Esse tipo de auxílio estatal acaba sendo uma faca de dois gumes, pois, ao tempo que funciona como auxílio e incentivo – ou seja, como uma garantia de que o cidadão não será exposto à ameaça de completa degradação financeira –, com o tempo pode comprometer a dignidade do assistido pelos programas sociais do Estado. Um longo período de permanência, atrelado a um programa de assistência, pode deixar o indivíduo marcado, em razão da perda da dignidade, e deixá-lo com sentimento de degradação por não conseguir manter a própria subsistência. Nos recentes governos petistas de Lula e Dilma Rouseff houve um grande processo de distribuição de renda via programas sociais (Bolsa família, por exemplo). Embora a quantia não fosse das mais significativas, ele se caracterizou como uma reparação socioeconômica sobre uma parcela da população que se encontrava abaixo da linha de pobreza. O programa Bolsa Família não incorreu no erro de parecer que se tratava de uma simples “doação” governamental. Um dos critérios estabelecidos pelo programa, o da frequência escolar pelas crianças ligadas às famílias assistidas, contribuiu para a construção de aspecto de seriedade que não se vinculava apenas a uma mera transferência de valores monetários ao estilo de assistencialismo.
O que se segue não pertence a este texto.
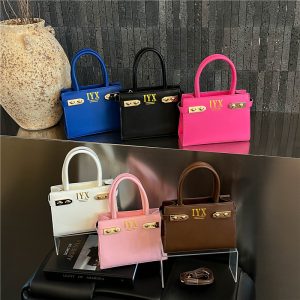 IYX Women's Midi Handbags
Nesse sentido, políticas públicas devem estar voltadas para o fortalecimento de laços de pertencimento locais; ao favorecimento de atividades econômicas que incentivem a produção local fortalecendo matrizes identitárias regionais que concedem fundamento simbólico ao existir do homem em comunidade, notadamente pequenas comunidades rurais. Esse processo pode se desenvolver a partir de incentivos financeiros aos sistemas de produção local. Fortalecer práticas e fazeres locais implica no revigoramento econômico e também sociocultural na medida em que concede poder de atuação e intervenção sobre a realidade circundante e concede aos cidadão um grau mínimo de emancipação. Na medida em que o indivíduo desenvolve ou adquire meios de subsistência própria, ele se vê livre da ameaça de ter que abandonar seu local de habitação em demanda de melhores condições de vida em outras localidades urbanas. O que, por sua vez, gera um fortalecimento dos laços de pertencimento local. A produção de renda concede ao indivíduo um sentimento de autonomia que o estimula a se fixar num dado ponto.

Sentimento de perda de dignidade, resultante da constatação de incapacidade de suprir as próprias necessidades de subsistência, pode acarretar consequências duradouras tanto do ponto do indivíduo quanto do efeito de desagregação sobre o corpo social do qual o cidadão é parte integrante. O estudo de Guerin (2005), que embora tenha se centralizado numa comunidade europeia, pode ter suas conclusões estendidas para um contexto exterior, demonstra o quão nocivo pode ser o efeito de um prolongado período de atrelamento a uma linha de programa de assistência social do Estado, desvinculado de programas outros que incentivem a autonomia financeira.

Não apenas esse sentimento de vergonha e de culpa é difícil de ser vivido, mas ele tende também a inibir capacidades cognitivas de homens e de mulheres, no sentido de que impede toda projeção de futuro e, às vezes, toda tomada de decisão, provocando, então, atitudes contraditórias. O direito a ter direitos elementares básicos é negado a parcelas significativas da população. Situação esta que cria não apenas incertezas quanto ao futuro imediato em termos de sobrevivência, mas também compromete a capacidade de projeções mais amplas. As energias dos indivíduos se voltam quase que exclusivamente para o agora e para questões ligadas ao existir imediato: 

[...] A ausência de projeção no futuro – quando o futuro se mostra muito incerto e triste, que projeção pode haver? – torna ainda mais complicada a capacidade de estabelecer um orçamento, uma poupança e, portanto, um controle de contas. A ausência de confiança em si torna difíceis as negociações com as administrações públicas. (GUERIN, 2005, p. 137). 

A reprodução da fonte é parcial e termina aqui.